Don’t Punch Teenagers

I hadn’t had a long weekend in a while. I love my job and the media consumption that comes with it, but after report after report on political craziness, dead people, crime, animal abuse, and statewide financial problems— I needed to unplug. Cue a four day weekend that coincided with N’s spring break. If I could do I back flip, I would have done one.

My excitement translated into social media posts counting down the hours to my mini-vacation. It is, after all, the fastest way to let the world know about my sunny mood, whether or not the world wanted to know. Every time I told someone I was headed to Lawton I was met with confusion. I’m not sure what’s in Lawton, but people’s responses didn’t do a good job of selling the place. To be more clear, I wasn’t going to Lawton, but to the Wichita Mountains near Lawton, and that seems to make all the difference.

In the car on a Saturday morning we loaded supplies, the dogs, and plugged in the address into the GPS. Ninety minutes to nature– not particularly far, but the flashing 90 minute trip estimate took me back to my time in Colorado where I lived 15 minutes away from Pikes Peak and countless trails. I was uninterested in regular hiking trips when they were easily accessible, but now I daydream about it. The whole thing makes me sound like a walking stereotype, but really it’s my dogs’ fault.

The majority of my time in Colorado I had cats.
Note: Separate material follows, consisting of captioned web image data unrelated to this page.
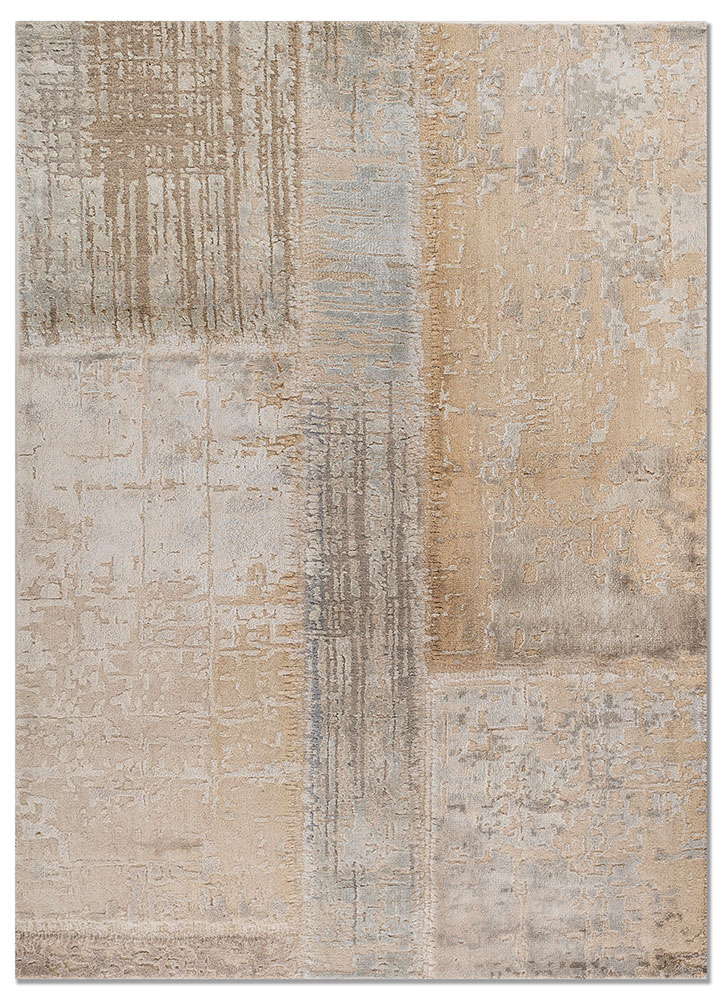 provenance ivory wool and bamboo silk hand knotted Rug - HeadShot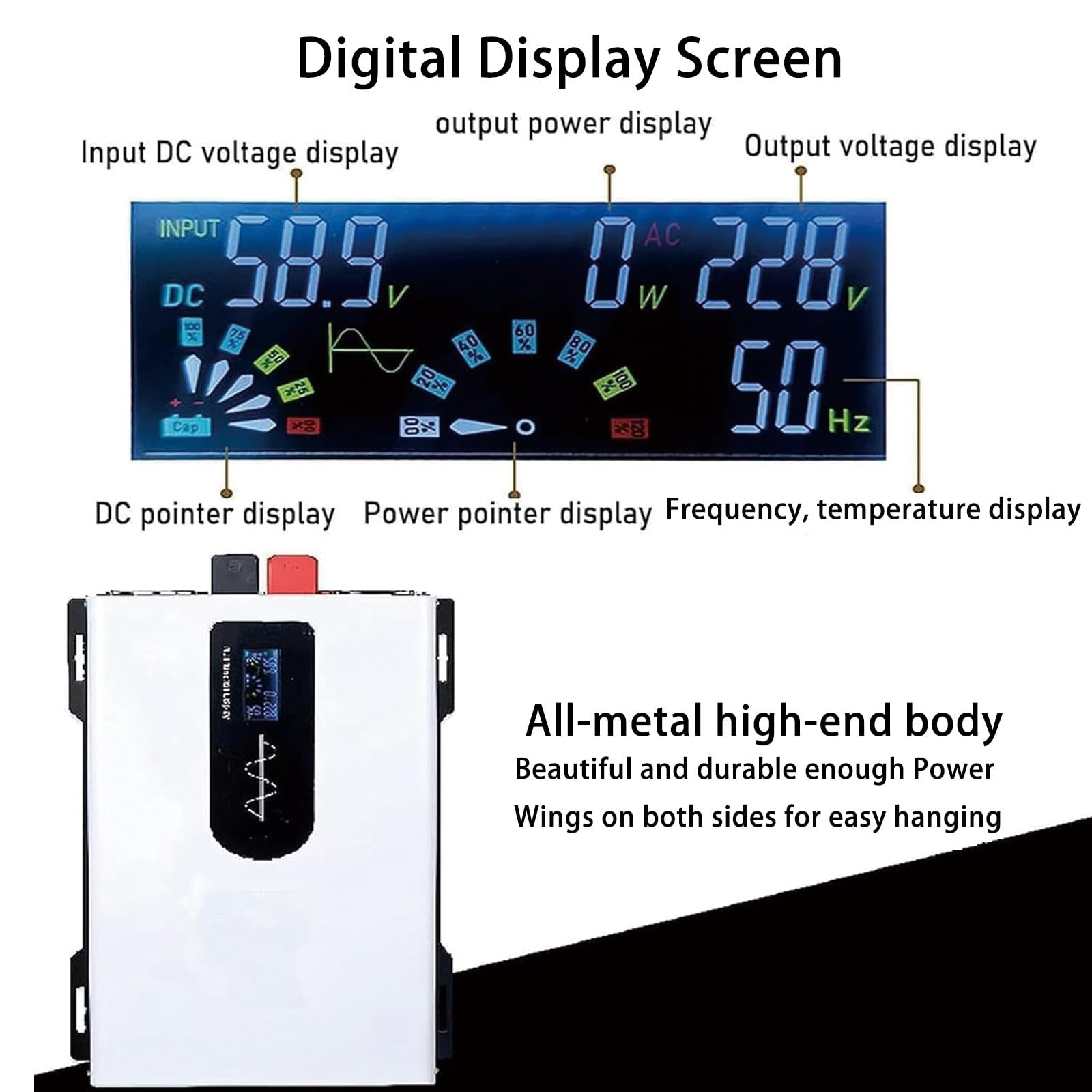 Inverter Onda Pura, Inverter per Camper, Inverter Ibrido, DC12V-48V, AC 110V-220V, 5000W-10000W, con Display LCD, per Accumulo Energia Domestica e Campeggio 12V5000W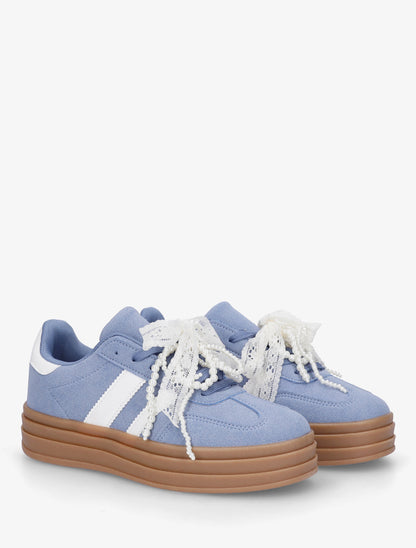 Sneakers effet nubuck à lacets stylisés - Bleu - 4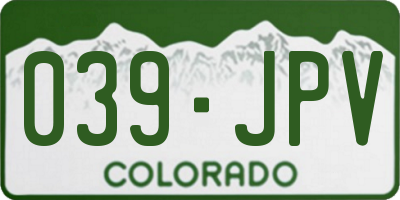 CO license plate 039JPV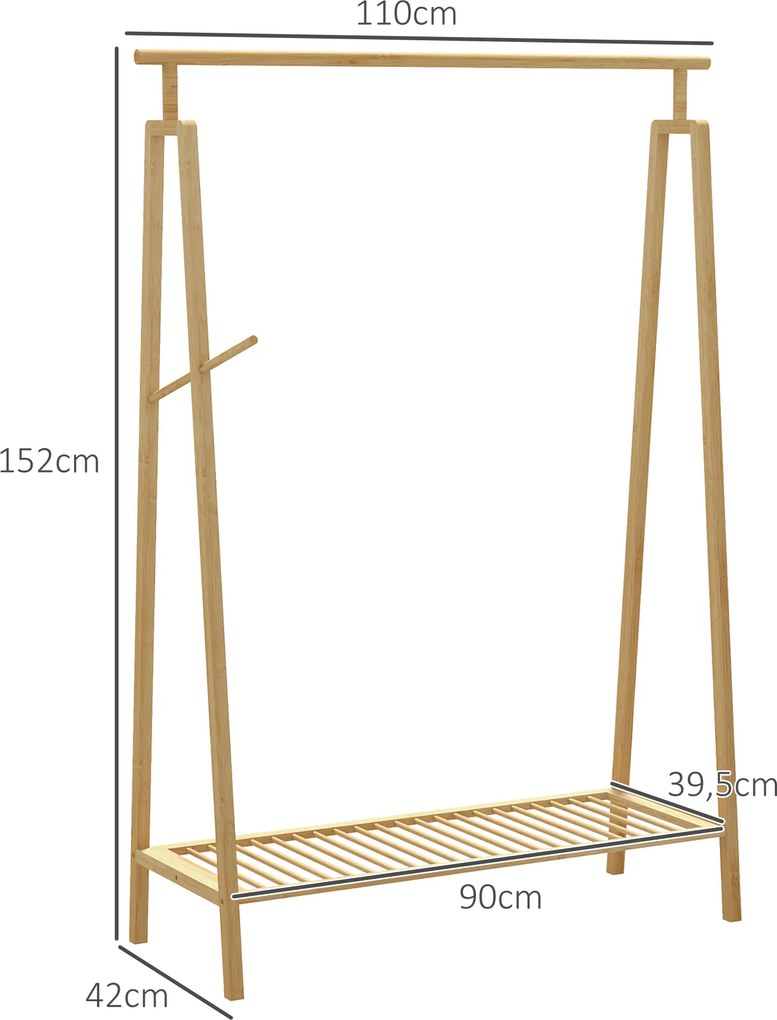 Guarda roupa aberto em bambu, em madeira com prateleira para sapatos, 110 x 42 x 152 cm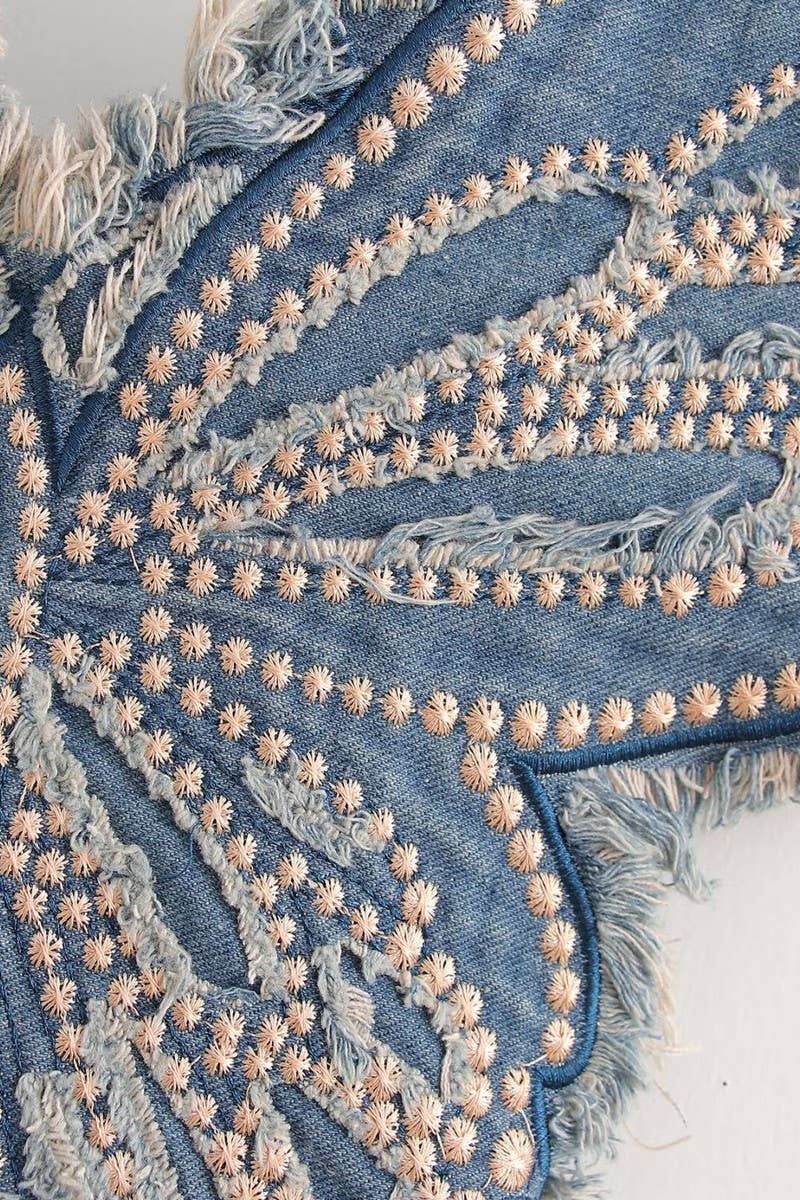 CWTTK0611_SEXY OPEN BACK DENIM EMBROIDERED CAMISOLE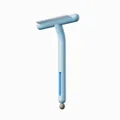 Light blue T-shaped pet de-shedding comb with fine metal teeth for grooming cats - Rake Comb / Blue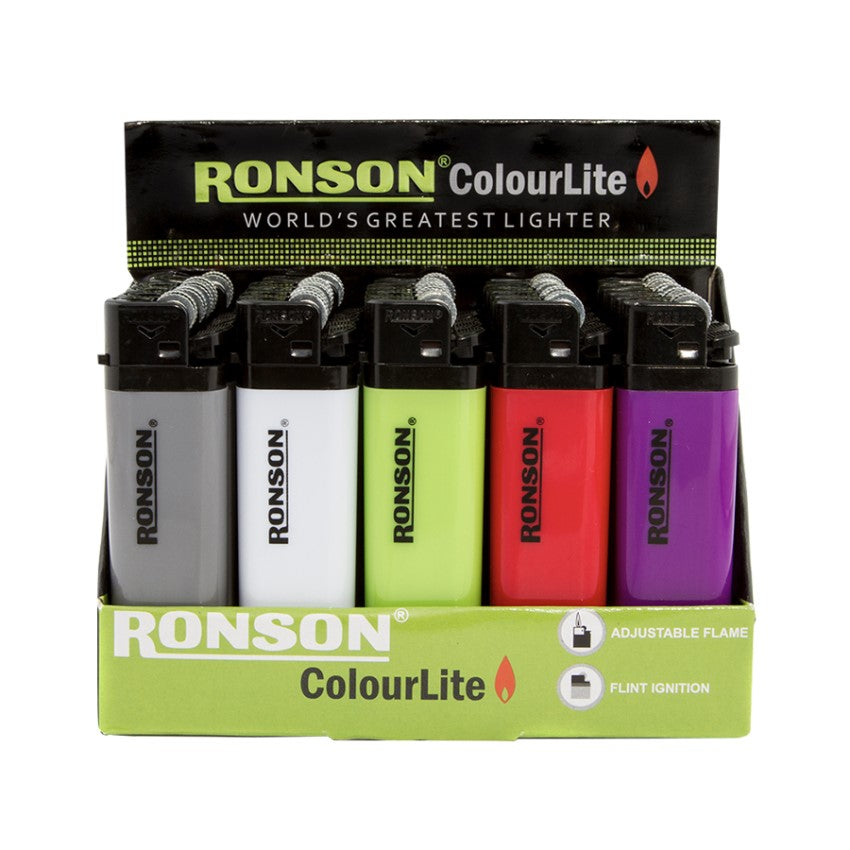RONSON®ENCENDEDOR COLOURLITE PACK 20 UNIDADES
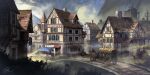  brick_floor bridge bush carriage chinnkun death fantasy fog giant_tree horse house landscape original painterly ruins signature sky tree village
They were happy to just chase lasers indoors, and continue to be. My dog Mila is from Colorado, but I didn’t get her until a few months before we moved away. I do remember my interest in hiking picked up after getting her. Now, we have Magnus, a 100 lb ball of energy, and he only knows how to relax after a long walk or day of sprints at the dog park. I think Mila misses the mountains because she really comes alive when we get to play in Oklahoma’s version.

That Saturday was a really great day. I couldn’t get online much because the service is spotty out there, so relaxing and enjoying the moment was really my only option. The company was good, the weather was crisp, and the bathrooms in the visitor center were clean. No matter how much I’m starting to like being outside, going to the bathroom next to a tree is never my idea of a good time. That day will remain in my thoughts for some time, not just because it was peaceful, but also because it was the same day I almost punched a teenage girl.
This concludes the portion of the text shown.